**Problem:** Scan the listing beneath this sentence. Report each line with the word "книги".

**The data:**
--------------------------------------------------
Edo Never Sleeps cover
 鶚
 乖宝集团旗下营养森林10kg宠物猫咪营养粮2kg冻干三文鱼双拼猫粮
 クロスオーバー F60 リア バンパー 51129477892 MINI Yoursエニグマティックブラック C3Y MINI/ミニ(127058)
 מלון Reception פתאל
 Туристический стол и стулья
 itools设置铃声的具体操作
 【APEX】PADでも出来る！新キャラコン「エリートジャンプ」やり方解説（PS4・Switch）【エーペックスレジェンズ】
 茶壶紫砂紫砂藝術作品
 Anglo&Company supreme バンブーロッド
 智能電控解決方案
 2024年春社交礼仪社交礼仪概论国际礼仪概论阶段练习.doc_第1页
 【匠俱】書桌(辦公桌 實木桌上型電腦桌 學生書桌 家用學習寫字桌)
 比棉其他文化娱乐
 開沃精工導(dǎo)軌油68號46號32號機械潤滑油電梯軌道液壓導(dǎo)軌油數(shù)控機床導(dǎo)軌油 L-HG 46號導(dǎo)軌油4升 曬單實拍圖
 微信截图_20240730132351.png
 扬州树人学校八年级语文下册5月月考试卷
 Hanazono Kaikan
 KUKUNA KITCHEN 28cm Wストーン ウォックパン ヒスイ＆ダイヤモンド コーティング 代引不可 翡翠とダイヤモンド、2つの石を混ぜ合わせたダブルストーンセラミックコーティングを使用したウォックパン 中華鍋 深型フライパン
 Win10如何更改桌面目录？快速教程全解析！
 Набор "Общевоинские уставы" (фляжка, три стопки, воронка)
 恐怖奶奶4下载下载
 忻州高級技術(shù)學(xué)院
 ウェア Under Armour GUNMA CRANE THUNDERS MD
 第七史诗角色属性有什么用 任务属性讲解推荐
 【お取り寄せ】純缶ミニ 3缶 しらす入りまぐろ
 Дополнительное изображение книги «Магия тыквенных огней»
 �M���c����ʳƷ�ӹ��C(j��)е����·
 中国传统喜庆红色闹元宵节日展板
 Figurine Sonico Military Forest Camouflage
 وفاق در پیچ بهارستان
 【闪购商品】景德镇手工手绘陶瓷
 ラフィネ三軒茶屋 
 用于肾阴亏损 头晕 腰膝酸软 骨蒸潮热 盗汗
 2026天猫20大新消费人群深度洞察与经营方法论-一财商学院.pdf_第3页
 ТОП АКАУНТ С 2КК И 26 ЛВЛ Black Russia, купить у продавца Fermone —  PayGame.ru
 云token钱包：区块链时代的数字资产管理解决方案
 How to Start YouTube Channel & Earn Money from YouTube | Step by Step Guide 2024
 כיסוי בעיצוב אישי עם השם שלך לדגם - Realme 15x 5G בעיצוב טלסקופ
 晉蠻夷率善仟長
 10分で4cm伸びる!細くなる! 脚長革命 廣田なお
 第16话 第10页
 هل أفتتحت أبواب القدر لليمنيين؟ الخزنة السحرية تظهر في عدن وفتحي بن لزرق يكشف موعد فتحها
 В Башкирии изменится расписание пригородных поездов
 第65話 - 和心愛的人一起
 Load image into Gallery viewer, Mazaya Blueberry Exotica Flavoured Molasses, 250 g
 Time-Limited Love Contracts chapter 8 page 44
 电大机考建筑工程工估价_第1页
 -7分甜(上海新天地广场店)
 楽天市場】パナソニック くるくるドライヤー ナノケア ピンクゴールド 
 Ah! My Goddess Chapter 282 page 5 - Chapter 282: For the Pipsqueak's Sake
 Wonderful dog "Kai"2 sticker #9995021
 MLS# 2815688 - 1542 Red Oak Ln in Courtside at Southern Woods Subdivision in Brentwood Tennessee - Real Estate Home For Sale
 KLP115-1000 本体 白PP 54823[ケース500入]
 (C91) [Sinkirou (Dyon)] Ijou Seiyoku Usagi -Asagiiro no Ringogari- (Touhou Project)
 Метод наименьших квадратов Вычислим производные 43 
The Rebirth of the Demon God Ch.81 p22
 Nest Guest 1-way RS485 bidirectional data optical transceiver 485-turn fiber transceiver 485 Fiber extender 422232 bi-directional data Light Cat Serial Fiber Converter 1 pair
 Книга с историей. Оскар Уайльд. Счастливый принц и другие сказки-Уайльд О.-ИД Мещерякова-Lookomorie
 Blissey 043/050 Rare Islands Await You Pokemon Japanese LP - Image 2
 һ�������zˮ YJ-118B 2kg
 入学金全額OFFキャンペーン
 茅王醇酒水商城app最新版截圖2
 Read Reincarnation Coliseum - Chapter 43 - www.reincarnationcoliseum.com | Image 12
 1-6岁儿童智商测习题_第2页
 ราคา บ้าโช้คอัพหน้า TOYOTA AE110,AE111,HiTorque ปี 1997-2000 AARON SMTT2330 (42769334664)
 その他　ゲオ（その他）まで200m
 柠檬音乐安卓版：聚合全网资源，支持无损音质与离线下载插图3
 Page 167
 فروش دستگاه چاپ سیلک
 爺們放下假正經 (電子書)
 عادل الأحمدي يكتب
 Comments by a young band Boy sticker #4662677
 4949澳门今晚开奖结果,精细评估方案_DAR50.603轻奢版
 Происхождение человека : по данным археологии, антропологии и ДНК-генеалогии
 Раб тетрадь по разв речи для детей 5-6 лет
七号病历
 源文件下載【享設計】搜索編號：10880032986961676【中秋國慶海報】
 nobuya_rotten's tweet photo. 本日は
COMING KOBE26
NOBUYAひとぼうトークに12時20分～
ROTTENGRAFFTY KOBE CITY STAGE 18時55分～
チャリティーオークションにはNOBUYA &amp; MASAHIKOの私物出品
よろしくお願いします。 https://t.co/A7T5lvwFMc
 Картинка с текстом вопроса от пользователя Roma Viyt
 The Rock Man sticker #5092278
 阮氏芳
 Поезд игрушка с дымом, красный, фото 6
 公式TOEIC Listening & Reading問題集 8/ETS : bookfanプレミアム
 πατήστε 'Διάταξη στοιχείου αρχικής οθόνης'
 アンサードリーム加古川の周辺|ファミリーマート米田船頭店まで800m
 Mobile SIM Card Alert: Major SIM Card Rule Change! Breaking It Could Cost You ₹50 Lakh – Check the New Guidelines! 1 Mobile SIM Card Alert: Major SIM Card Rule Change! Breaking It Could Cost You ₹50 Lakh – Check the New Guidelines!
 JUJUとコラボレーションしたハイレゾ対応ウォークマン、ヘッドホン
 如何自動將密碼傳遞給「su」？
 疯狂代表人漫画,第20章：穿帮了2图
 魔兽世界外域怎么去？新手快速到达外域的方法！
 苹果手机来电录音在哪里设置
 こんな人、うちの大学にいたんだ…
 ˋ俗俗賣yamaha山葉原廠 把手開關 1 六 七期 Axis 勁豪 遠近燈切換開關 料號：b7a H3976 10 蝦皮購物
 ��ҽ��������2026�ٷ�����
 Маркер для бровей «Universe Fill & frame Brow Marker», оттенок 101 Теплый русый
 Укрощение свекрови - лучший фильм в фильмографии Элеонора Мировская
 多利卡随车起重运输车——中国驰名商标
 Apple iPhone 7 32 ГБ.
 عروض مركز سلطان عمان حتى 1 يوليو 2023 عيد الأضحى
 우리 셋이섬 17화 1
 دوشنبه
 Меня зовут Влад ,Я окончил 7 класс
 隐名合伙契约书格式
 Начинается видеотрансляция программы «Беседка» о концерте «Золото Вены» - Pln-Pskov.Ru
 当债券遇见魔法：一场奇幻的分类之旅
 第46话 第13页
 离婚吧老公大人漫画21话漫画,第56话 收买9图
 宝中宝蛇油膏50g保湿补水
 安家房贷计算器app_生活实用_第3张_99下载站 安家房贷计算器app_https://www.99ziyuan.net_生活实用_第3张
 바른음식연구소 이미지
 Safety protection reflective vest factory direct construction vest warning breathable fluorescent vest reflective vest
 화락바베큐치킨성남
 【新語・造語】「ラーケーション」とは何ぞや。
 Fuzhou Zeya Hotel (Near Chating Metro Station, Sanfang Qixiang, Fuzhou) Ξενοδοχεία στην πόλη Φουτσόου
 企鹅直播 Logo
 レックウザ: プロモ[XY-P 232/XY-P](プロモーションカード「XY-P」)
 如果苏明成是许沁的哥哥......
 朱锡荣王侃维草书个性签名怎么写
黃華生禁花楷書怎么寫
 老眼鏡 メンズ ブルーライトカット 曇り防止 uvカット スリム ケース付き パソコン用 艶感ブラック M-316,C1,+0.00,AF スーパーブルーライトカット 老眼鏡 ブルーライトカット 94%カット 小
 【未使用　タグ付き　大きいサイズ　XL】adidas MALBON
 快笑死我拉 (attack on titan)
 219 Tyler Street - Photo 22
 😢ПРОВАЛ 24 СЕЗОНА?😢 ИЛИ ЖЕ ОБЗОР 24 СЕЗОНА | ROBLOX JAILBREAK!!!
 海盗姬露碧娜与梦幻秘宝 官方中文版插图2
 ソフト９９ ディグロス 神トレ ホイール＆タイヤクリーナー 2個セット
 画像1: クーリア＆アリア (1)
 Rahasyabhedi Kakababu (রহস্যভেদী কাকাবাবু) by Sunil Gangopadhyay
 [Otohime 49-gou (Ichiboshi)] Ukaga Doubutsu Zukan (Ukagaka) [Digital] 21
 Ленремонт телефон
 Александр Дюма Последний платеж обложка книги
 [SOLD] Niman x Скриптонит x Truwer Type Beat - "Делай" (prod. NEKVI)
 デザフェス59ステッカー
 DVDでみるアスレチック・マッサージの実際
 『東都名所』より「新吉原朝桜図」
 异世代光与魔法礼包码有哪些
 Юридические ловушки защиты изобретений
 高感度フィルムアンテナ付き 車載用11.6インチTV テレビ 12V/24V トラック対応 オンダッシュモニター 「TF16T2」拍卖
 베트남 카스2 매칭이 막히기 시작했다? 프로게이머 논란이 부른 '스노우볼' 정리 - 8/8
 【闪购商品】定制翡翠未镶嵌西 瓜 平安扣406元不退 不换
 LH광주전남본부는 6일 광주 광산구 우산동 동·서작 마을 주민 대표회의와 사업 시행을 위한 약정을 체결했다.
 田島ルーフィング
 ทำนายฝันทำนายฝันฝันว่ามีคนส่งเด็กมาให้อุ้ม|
--------------------------------------------------
**Response to the task:**
 Дополнительное изображение книги «Магия тыквенных огней»
 Александр Дюма Последний платеж обложка книги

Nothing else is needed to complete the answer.